However, the largest currently publicly available linguistic corpus of British English, the one-hundred-million-word British National Corpus, does not contain a single instance of this construction. This is unlikely to be due to the fact that the construction is limited to an informal style, as the BNC contains a reasonable amount of informal language. Instead, it seems more likely that the construction is simply too infrequent to occur in a sample of one hundred million words of text. Thus, someone studying the construction might wrongly conclude that it does not exist in British English on the basis of the BNC.

Second, linguistic usage is not homogeneous but varies across situations (think of the kind of variation referred to by terms such as dialect, sociolect, genre, register, style etc., which I will discuss in more detail in Section 2.1 below). Clearly, it is, for all intents and purposes, impossible to include this variation in its entirety in a given corpus. This is a problem not only for studies that are interested in linguistic variation but also for studies in core areas such as lexis and grammar: many linguistic patterns are limited to certain varieties, and a corpus that does not contain a particular language variety cannot contain examples of a pattern limited to that variety. For example, the verb croak in the sense ‘die’ is usually used intransitively, but there is one variety in which it also occurs transitively. Consider the following representative examples:

(2) a. Because he was a skunk and a stool pigeon ... I croaked him just as he was goin’ to call the bulls with a police whistle ... (Veiller, Within the Law)

b. [Use] your bean. If I had croaked the guy and frisked his wallet, would I have left my signature all over it? (Stout, Some Buried Cesar)

c.

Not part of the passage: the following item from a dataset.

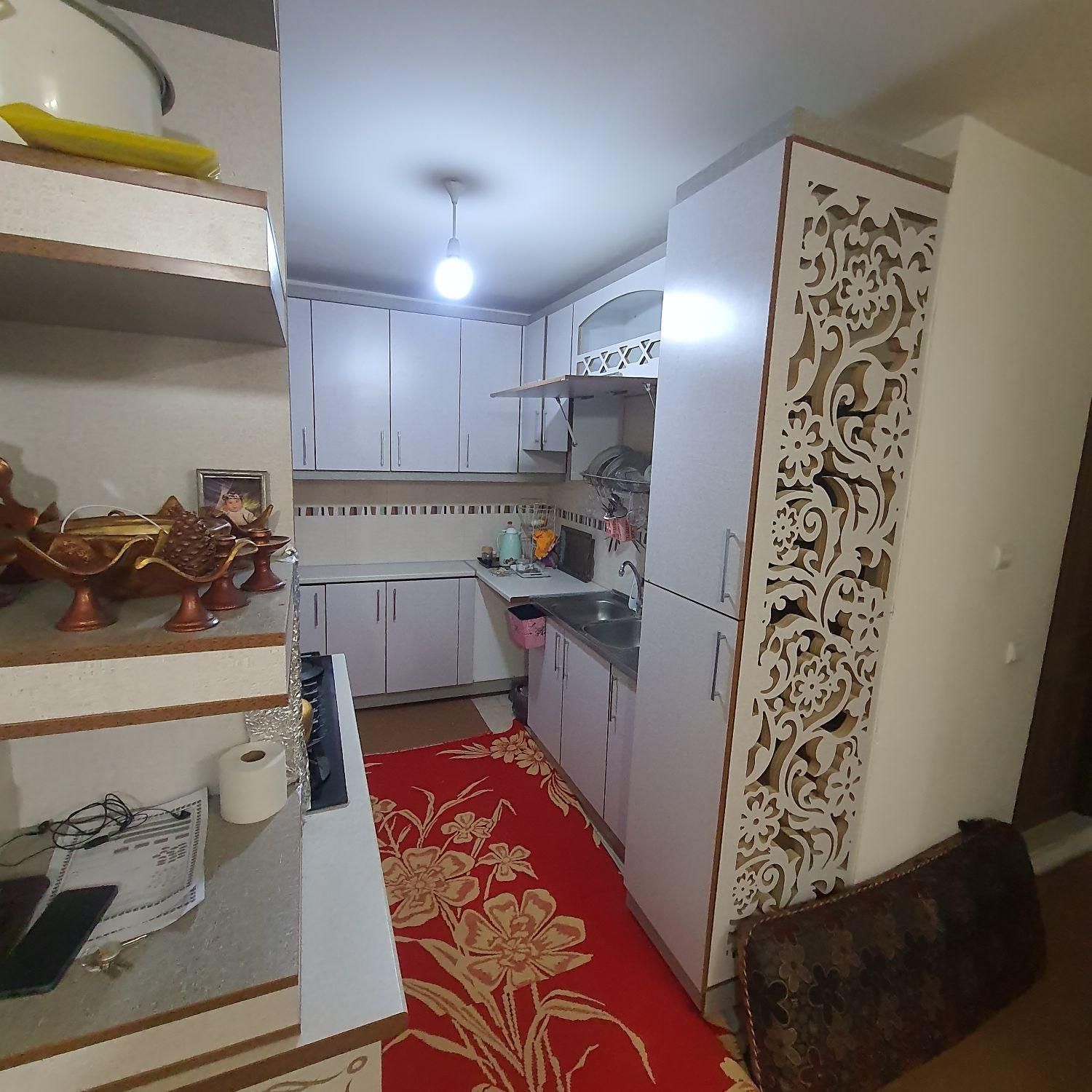 آپارتمان نظرآباد پروژه شهران سازه دوخواب (۷۵ متری)|فروش آپارتمان|نظرآباد, مسکن مهر نظرآباد|دیوار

I recall pointing to the loaded double-barreled shotgun on my wall and replying, with a smile, that I would croak at least two of them before they got away. (Thompson, Hell’s Angels)

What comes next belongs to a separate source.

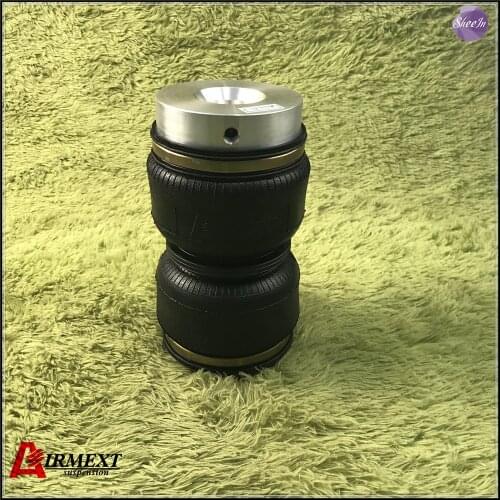 For BMW E85 Z4 (2003~2008) /rear airspring /Air suspension/airspring airride shock absorber/pneumatic parts/air suspension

Very roughly, we might characterize this variety as tough guy talk, or perhaps tough guy talk as portrayed in crime fiction (I have never come across an example outside of this (sub-)genre). Neither of these varieties is prominent among the text categories represented in the BNC, and therefore the transitive use of croak ‘die’ does not occur in this corpus.³

The incompleteness of linguistic corpora must therefore be accepted and kept in mind when designing and using such a corpus (something I will discuss in detail in the next chapter). However, it is not an argument against the use of corpora, since any collection of data is necessarily incomplete. One important aspect of scientific work is to build general models from incomplete data and refine them as more data becomes available. The incompleteness of observational data is not seen as an argument against its use in other disciplines, and the argument gained currency in linguistics only because it was largely accepted that intuited data are more complete. I will argue in Section 1.2.2, however, that this is not the case.

1.1.3 The absence of meaning in corpora

Finally, let us turn to the argument that corpora do not contain information about the semantics, pragmatics, etc. of the linguistic expressions they contain. Lest anyone get the impression that it is only Chomskyan linguists who reject corpus data, consider the following statement of this argument by George Lakoff, an avowed anti-Chomskyan:

Corpus linguistics can only provide you with utterances (or written letter sequences or character sequences or sign assemblages). To do cognitive linguistics with corpus data, you need to interpret the data – to give it meaning. The meaning doesn’t occur in the corpus data. Thus, introspection is always used in any cognitive analysis of language [...] (Lakoff 2004).

Lakoff (and others putting forward this argument) are certainly right: if the corpus itself was all we had, corpus linguistics would be reduced to the detection of formal patterns (such as recurring combinations) in otherwise meaningless strings of symbols.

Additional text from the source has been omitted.